# Working data:
============================================================
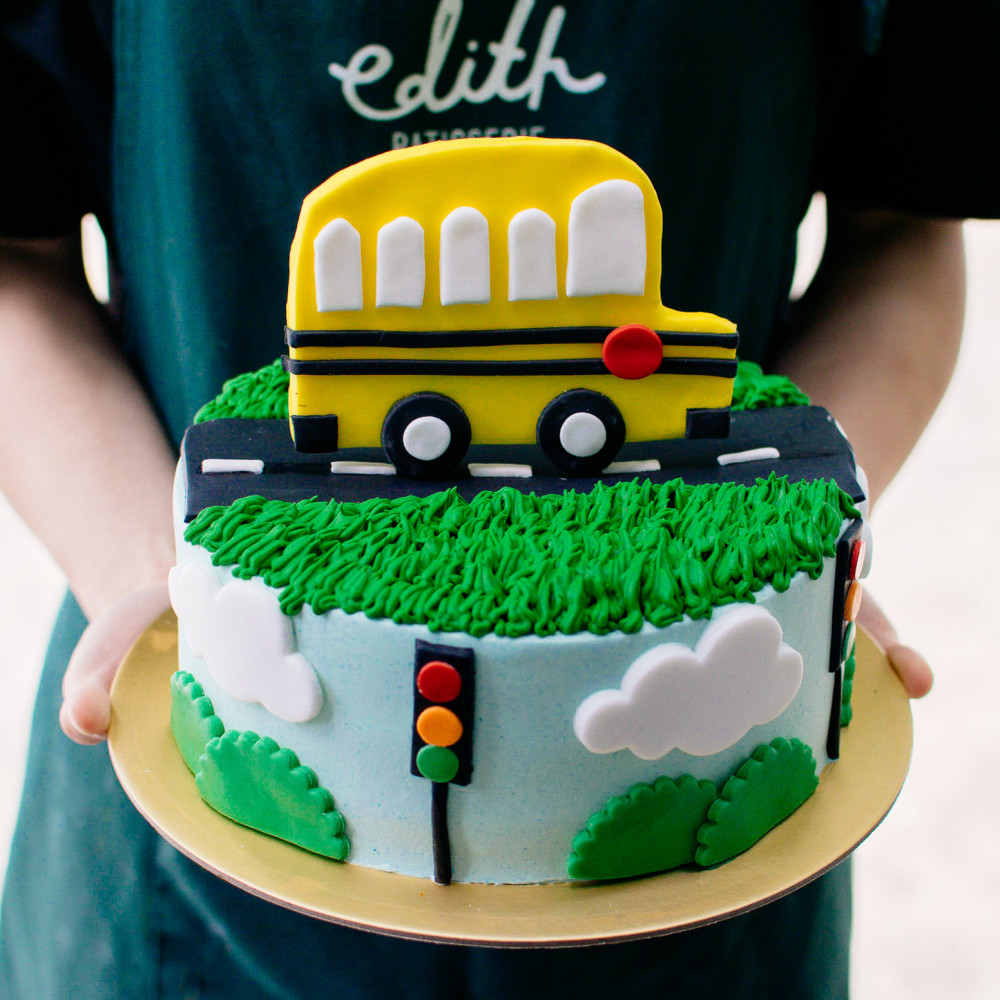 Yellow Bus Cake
============================================================
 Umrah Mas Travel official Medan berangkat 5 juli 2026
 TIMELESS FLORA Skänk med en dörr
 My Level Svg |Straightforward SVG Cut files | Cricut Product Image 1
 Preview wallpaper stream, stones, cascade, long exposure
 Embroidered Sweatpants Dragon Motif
============================================================
# Aim of the task:
Output the lines above between the one holding "Umrah Mas Travel" and the one holding "Embroidered Sweatpants Dragon Motif", inclusive, with nothing before or after them.

# Finished task:
 Umrah Mas Travel official Medan berangkat 5 juli 2026
 TIMELESS FLORA Skänk med en dörr
 My Level Svg |Straightforward SVG Cut files | Cricut Product Image 1
 Preview wallpaper stream, stones, cascade, long exposure
 Embroidered Sweatpants Dragon Motif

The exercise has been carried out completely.